TASK ITEM
Print, exactly as they stand, the lines below from the one that has "Zonon 10 Pcs" to the one that has "Top Short Sleeve", inclusive, leaving out the pictures.

RECORD EXCERPTS
-------

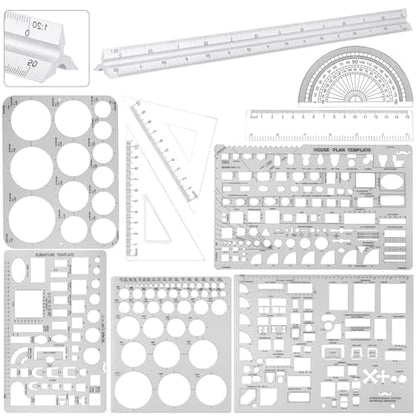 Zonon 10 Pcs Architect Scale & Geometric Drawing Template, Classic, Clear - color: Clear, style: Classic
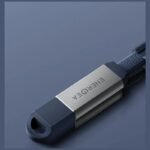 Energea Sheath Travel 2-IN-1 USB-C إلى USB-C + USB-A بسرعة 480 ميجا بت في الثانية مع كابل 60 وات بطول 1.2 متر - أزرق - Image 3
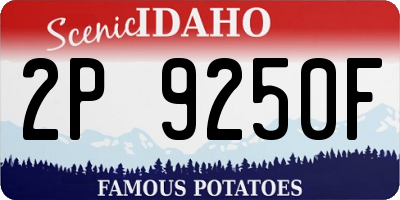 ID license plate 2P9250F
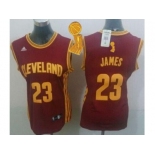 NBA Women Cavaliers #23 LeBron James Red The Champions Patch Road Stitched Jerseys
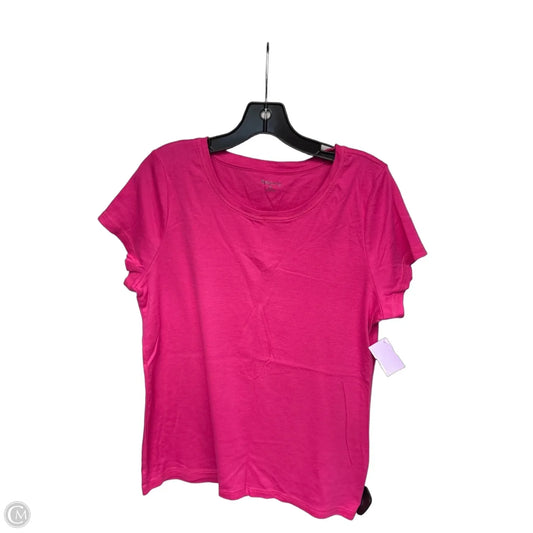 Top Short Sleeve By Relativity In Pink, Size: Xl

-------

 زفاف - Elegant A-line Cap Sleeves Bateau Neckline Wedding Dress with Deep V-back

-------

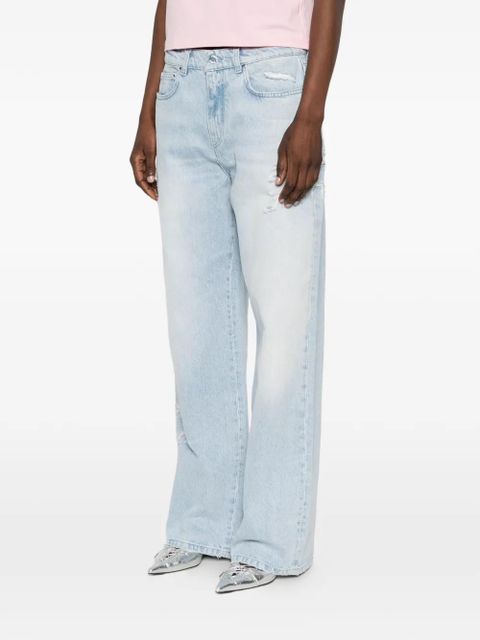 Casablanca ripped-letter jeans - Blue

-------

ANSWER BOX
 Zonon 10 Pcs Architect Scale & Geometric Drawing Template, Classic, Clear - color: Clear, style: Classic
 Energea Sheath Travel 2-IN-1 USB-C إلى USB-C + USB-A بسرعة 480 ميجا بت في الثانية مع كابل 60 وات بطول 1.2 متر - أزرق - Image 3
 ID license plate 2P9250F
 NBA Women Cavaliers #23 LeBron James Red The Champions Patch Road Stitched Jerseys
 Top Short Sleeve By Relativity In Pink, Size: Xl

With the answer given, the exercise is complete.